「プチョヘンザ!」ってどういう意味?

ラッパーの言葉とファッションからヒップホップ文化に迫ってみた!

2008.04.18 FRI


怖そうなイメージとは違い、取材にも気さくに対応してくれた韻踏合組合のみなさんにリスペクト!
調子はどうだメーン!

近年のヒップホップブームで、音楽番組のみならずバラエティ番組でも見かけるようになった、ちょっと怖そうなラッパーの姿。同時に、彼らが使う独特の言葉もよく耳にするようになりました。「チェケラッチョ!」(check it out, yo! :見てくれよな!)ぐらいは何となくわかるけど、「プチョヘンザ!」とか「レペゼン」ってどういう意味なの?

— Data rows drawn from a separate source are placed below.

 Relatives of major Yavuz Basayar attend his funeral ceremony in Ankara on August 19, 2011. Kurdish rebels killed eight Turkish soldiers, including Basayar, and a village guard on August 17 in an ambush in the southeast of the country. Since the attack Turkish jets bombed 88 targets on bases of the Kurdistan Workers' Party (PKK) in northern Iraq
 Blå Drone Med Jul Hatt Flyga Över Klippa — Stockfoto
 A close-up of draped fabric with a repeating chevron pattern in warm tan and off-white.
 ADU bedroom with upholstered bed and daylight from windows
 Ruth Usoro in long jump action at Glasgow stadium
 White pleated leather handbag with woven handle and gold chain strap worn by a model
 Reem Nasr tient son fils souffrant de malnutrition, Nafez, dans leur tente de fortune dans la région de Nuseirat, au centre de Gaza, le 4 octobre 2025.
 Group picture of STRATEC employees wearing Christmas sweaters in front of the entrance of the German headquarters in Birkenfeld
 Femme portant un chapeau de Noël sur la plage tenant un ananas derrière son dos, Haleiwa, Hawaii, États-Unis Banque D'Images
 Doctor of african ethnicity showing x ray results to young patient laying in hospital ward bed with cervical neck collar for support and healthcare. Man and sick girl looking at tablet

大阪を中心に活躍中のヒップホップグループ・韻踏合組合のみなさんに、気になるヒップホップ語について聞いてみました。

「プチョヘンザはPut your hands up、つまり手をあげろ!という意味。レペゼンはrepresentのことで、~を代表するという意味です。そのほかには、ヴァイブス(良いノリ、雰囲気)、イル(病んでいる)、チル(リラックスする)なんかもよく使います。ルーツとしては、英語のスラングがもとになっている言葉が多いですね」

これらの言葉には、仲間内で通じる隠語のような意味合いもあり、KYなどの略語と同じように流行り廃りがあるそう。ちなみに、最近はどんな言葉が流行っているんですか?

「ヒップホップと深い関係にあるレゲエの本場・ジャマイカのパトワ語も人気です。ヤーマン(よぉ、など挨拶の意)なんかはよく使いますね。僕らの間では、居酒屋でおかわりをする時にコマゲンって言うのが流行っています。これは英語のcome againですね」

言葉と同様に気になるのが、ラッパー特有のファッション。調べてみると、帽子の下にタオルやバンダナを巻くのは、もとは頭髪を細く何本にも束ねたコーンロウ(ヒップホップのルーツである、アフリカ系アメリカ人伝統の髪型)を維持するための工夫だそう。また金歯を入れている人が多いのは、成功の証しとしてネックレスなどの装飾品を身につけていると、ギャングによる盗難の恐れのあったからだとか。周りを威嚇するようなファッションにも、ちゃんと文化的背景があるんですね。

言葉にしろファッションにしろ、ラッパーが独特の雰囲気を持っているのは、音楽的ルーツへのリスペクトと、仲間同士の結束が強いからみたい。単に「怖そう」だった印象も変わり、ヒップホップに興味がわいてきました。最後に、初心者がクラブに行ってヒップホップを楽しむ極意を教えてください!

「ヤバそうな人とは目を合わせない。女の子に声をかける時は周りをよく見ること(笑)。格闘技やプロレスと一緒で、その場のリアルなスリル感も楽しむくらいじゃないとダメですね」

やっぱりちょっと怖いかも。クラブでイルに入っちゃわないように気をつけます!